Judges in Florida should take advice from the country music song and “find out who your friends are.” According to the Law Blog of the Wall Street Journal, Sunshine State jurists have been advised by the Florida Judicial Ethics Advisory Committee (FJEAC) to avoid becoming Facebook “friends” with lawyers who may appear before them in court.
Facebook is a social networking website that allows its 350 million + users to “friend” other users. By creating a network of Facebook friends, users are then able to share personal information, stories, articles, pictures, videos, and a host of applications with people on their network. While the website began as a social tool for college students, it has since expanded to become an all-purpose utility for businesses, charities, organizations, and individuals to share their products, causes, and messages across the world wide web (Pennsylvanians for Modern Courts has a Facebook page, located at http://www.facebook.com/CourtReform). Users can become “fans” of the myriad organizations with pages on the website and thereby stay informed through updates.
Political candidates, including judges in states that still elect judges in popular elections, often create Facebook pages as a means of developing support and distributing information to those interested. And though many working folks prefer to use websites devoted to the career-minded (such as LinkedIn) for their online professional networking, Facebook is becoming an increasingly popular destination for such vocational contact-exchanges.

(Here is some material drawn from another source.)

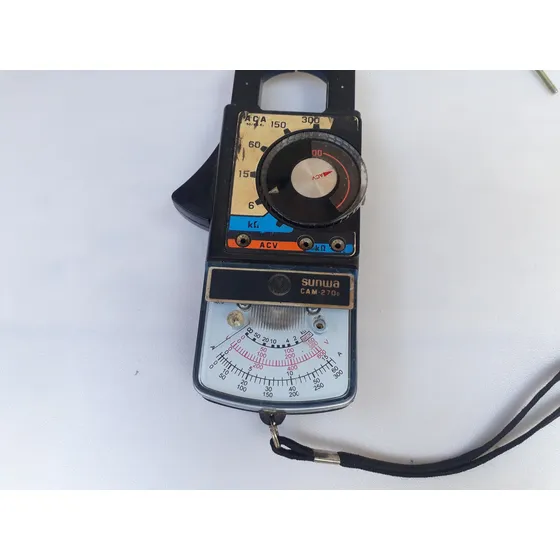 Multimetro Sanwa Cam-270. Antigo.(decoração)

According to the Law Blog, “while [Facebook] ‘friending’ connotes a level of intimacy greater than, say, an exchange of business cards, it falls well short of establishing or confirming true friendship.” The FJEAC, however, considers the social component of Facebook to great a threat to the independence of judges, and issued this advisory opinion. The opinion poses a series of questions and brief answers, followed by this explanation:
The Committee believes that listing lawyers who may appear before the judge as “friends” on a judge’s social networking page reasonably conveys to others the impression that these lawyer “friends” are in a special position to influence the judge. This is not to say, of course, that simply because a lawyer is listed as a “friend” on a social networking site or because a lawyer is a friend of the judge, as the term friend is used in its traditional sense, means that this lawyer is, in fact, in a special position to influence the judge. The issue, however, is not whether the lawyer actually is in a position to influence the judge, but instead whether the proposed conduct, the identification of the lawyer as a “friend” on the social networking site, conveys the impression that the lawyer is in a position to influence the judge. The Committee concludes that such identification in a public forum of a lawyer who may appear before the judge does convey this impression and therefore is not permitted.

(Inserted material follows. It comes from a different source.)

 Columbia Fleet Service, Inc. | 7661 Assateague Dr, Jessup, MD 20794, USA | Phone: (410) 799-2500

The St. Petersburg Times noted that the ethics ruling requires that judges not only refrain from friending lawyers that may appear before them, but actually “unfriend” any whom they have already friended. The paper points out that “Judges are not bound by the ruling but tend to follow the committee’s advice.” That didn’t stop one Circuit Judge, Pat Siracusa, from dropping 82 friends. Another, Judge Rex Barbas, had a more practical question: “How do you unfriend somebody?” he asked. “And do I get in trouble if I can’t figure it out?
Whether or not this is a trend that other states will follow has yet to be seen. In Pennsylvania, there is currently no such requirement. In fact, there is not even a requirement that a judge recuse his or herself from a case involving a party or attorney who has contributed money to the judge’s election campaign. And, as the St. Petersburg Times article indicates, this leads to some less-than -kosher relationships in the courtroom:
In close-knit courthouse circles, the lines between attorneys and judges are hardly black and white. Lawyers contribute to judicial campaigns. Judges hear cases argued by lawyers they once practiced alongside or have known for years. Judges disclose the connections in open court and sometimes remove themselves from a case if they are too close to the players.
“Sometimes” remove themselves, but not always. The problem of money in judicial selection seems to us a bigger problem than the “friending” issue, but the underlying concern is the same: how do we maintain public confidence that judges are impartial and unbiased? We believe that requires more than rules about social networking — it requires judicial selection reform.